Last year, I spent the day in New York City (one of my favorite places!), and in the middle of Times Square I became super overwhelmed by the unknown. And started to cry. At lunch. Classic New York moment right there. I became hyper aware of the many questions that I had been wondering – what would happen over the next year; who would I spend the year with; would I still be living in the same city? All of the questions. But the year started to look up when I pressed onward with my day…and won Lady Antebellum tickets hours later.
A year later, I still wonder about many of those questions. And I still love Lady Antebellum. But the questions don’t consume my each and every thought as much as they used to. This year I’ve learned about the power of resilience and believing in my personal mission. I’ve learned how to believe in myself more fiercely – to believe in my worth both personally and professionally. I’ve learned the importance of having a plan, but being willing to leave some of it up to chance and “we’ll see how this goes”. The leaving things up to chance part is really hard for me to do. I’ve learned even more about the joy of taking chances on people, opportunities, and places. And the joy I feel when others take a chance on me. I’ve learned that creating my own opportunities does, in fact, take years sometimes, but when I see things coming to fruition, it’s SO worth it.
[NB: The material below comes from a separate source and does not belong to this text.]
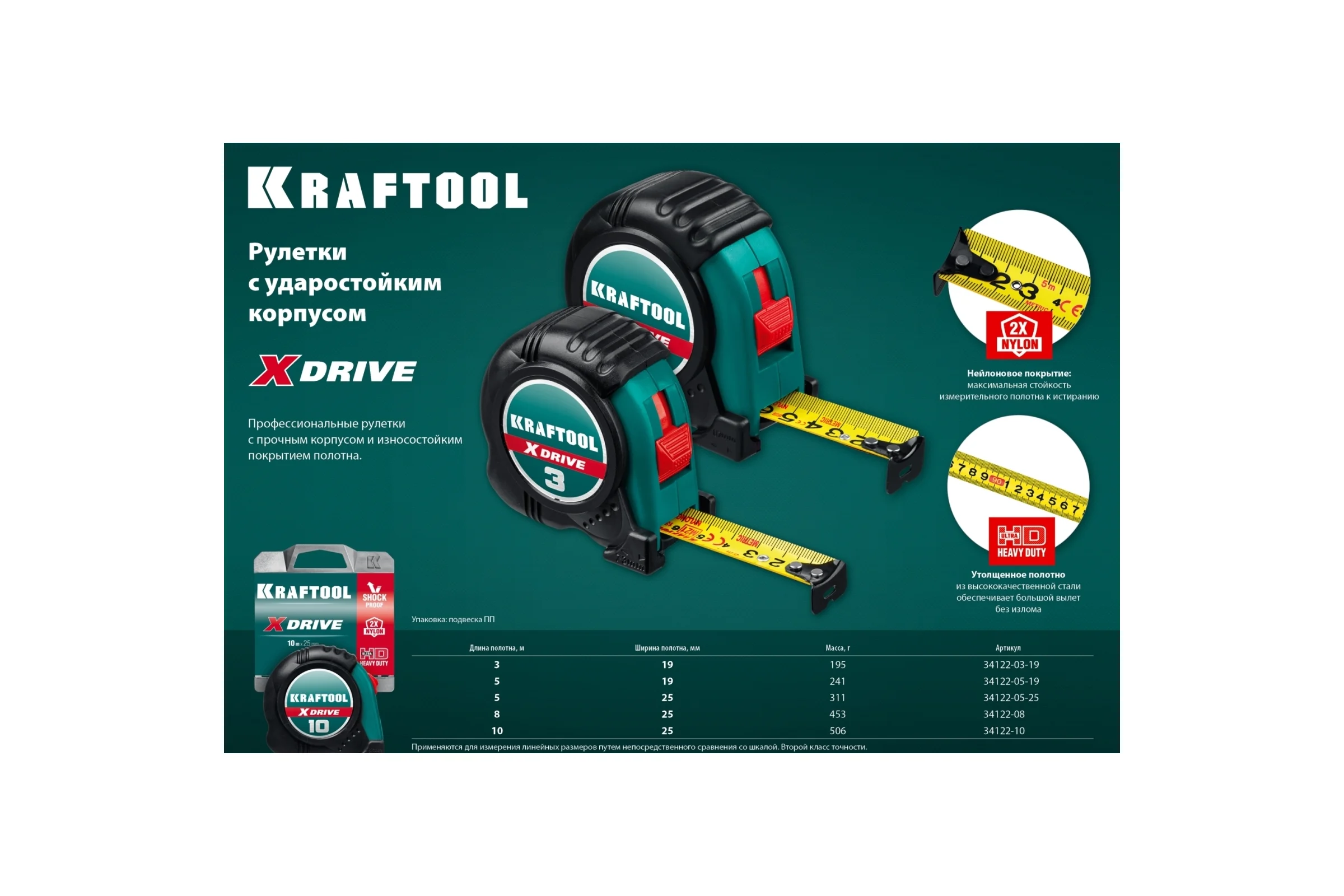 Рулетка KRAFTOOL X-Drive 5м/19мм  с ударостойким обрезиненным корпусом 34122-05-19_z02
I’ve learned that part of the reason I struggled with anxiety is so I would one day experience the fearlessness I felt when I finally shared part of my story and helped others at the same time. I’ve learned that one bad day is just that – a day – it’s not a sign that I should give up. I’ve learned that when all else fails, the best idea is to find joy in my family and friends (who are basically family). This year wasn’t perfect, but it was filled with progress. And that’s far better.
25 allowed me to start to find true joy and happiness. And it’s one of my best years yet (maybe even the best!). I’ll likely cry tomorrow, but it won’t be from not knowing about what will happen next. It will be because I’m so grateful to celebrate my day (…in New York City…again) and the journey that I’m on wherever that leads me next. Here’s to 26!
Stay tied to Carly is Inspired…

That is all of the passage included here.